● **YOUR INSTRUCTIONS**
Copy exactly every line below, from the first through the one that contains "7612 Old Warren", and skip all pictures.

● **DATA FOR THIS TASK**
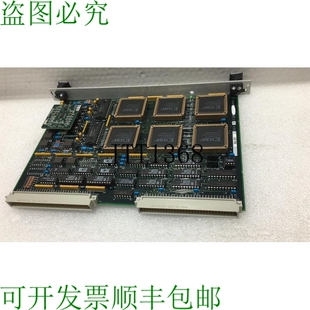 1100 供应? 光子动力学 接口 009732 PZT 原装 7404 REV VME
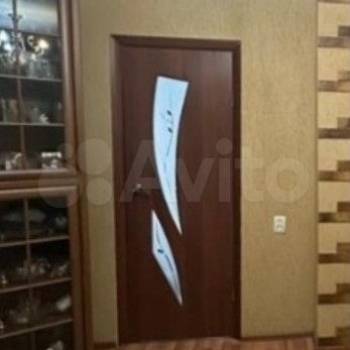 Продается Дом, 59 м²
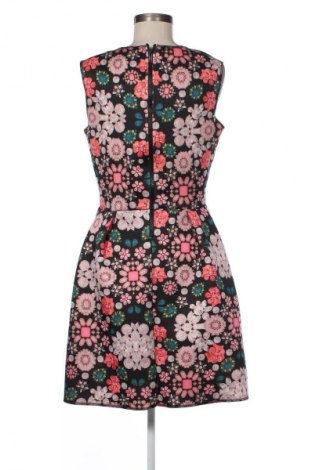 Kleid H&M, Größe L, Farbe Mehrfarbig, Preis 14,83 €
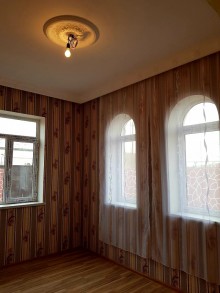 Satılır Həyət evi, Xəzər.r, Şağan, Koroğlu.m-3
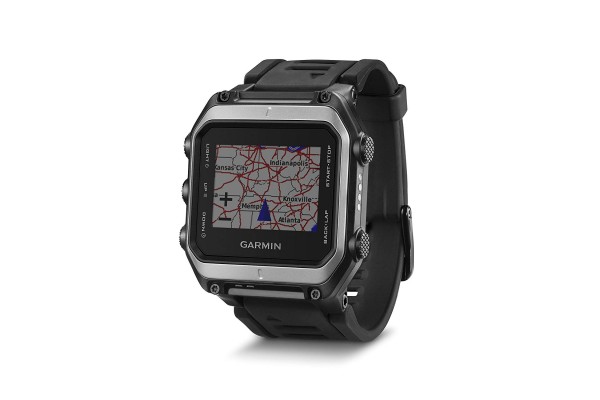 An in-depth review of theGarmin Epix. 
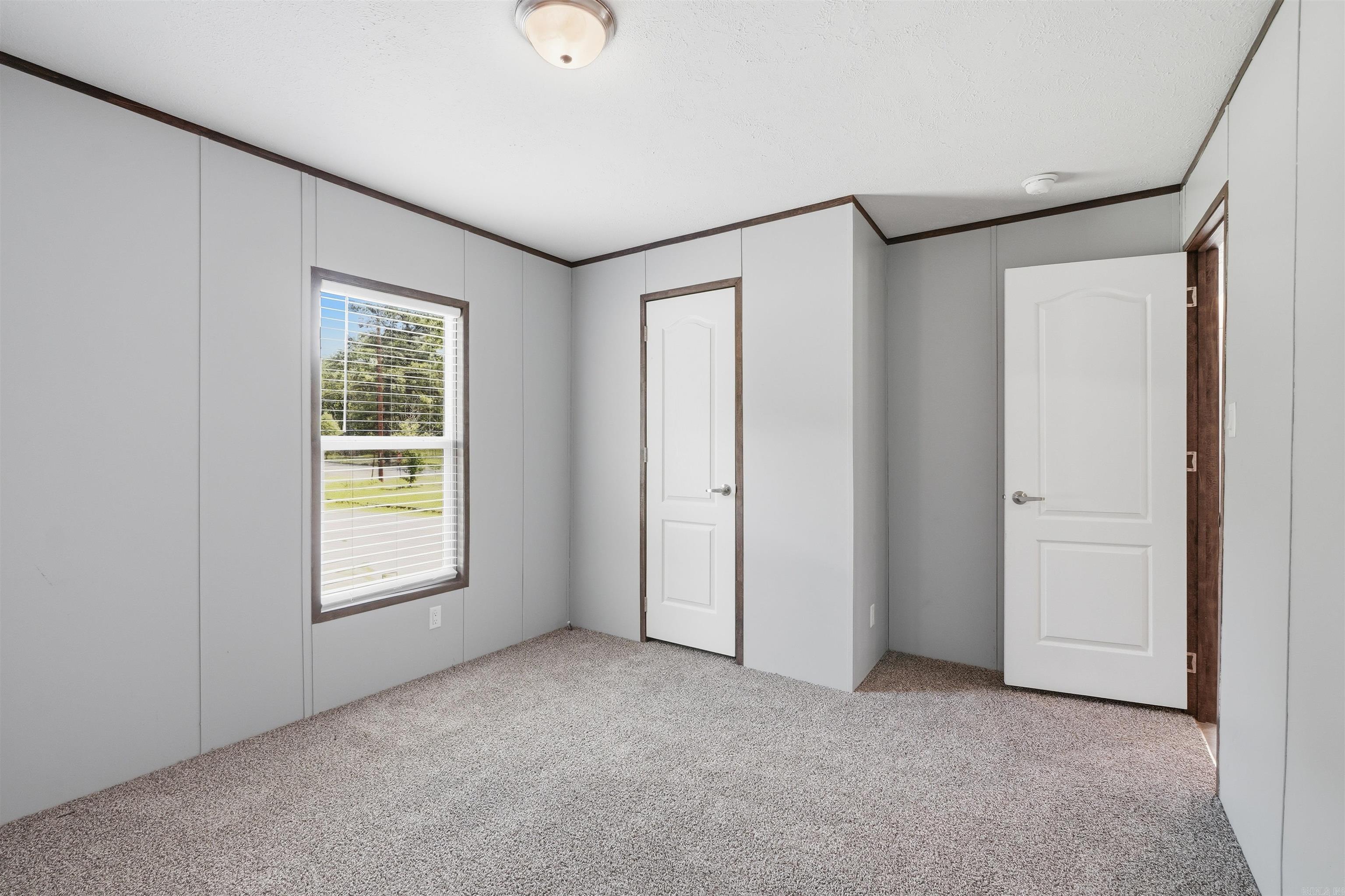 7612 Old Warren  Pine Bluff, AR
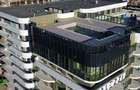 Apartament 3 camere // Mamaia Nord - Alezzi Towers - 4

● **ANSWER BOX**
 1100 供应? 光子动力学 接口 009732 PZT 原装 7404 REV VME
 Продается Дом, 59 м²
 Kleid H&M, Größe L, Farbe Mehrfarbig, Preis 14,83 €
 Satılır Həyət evi, Xəzər.r, Şağan, Koroğlu.m-3
 An in-depth review of theGarmin Epix. 
 7612 Old Warren  Pine Bluff, AR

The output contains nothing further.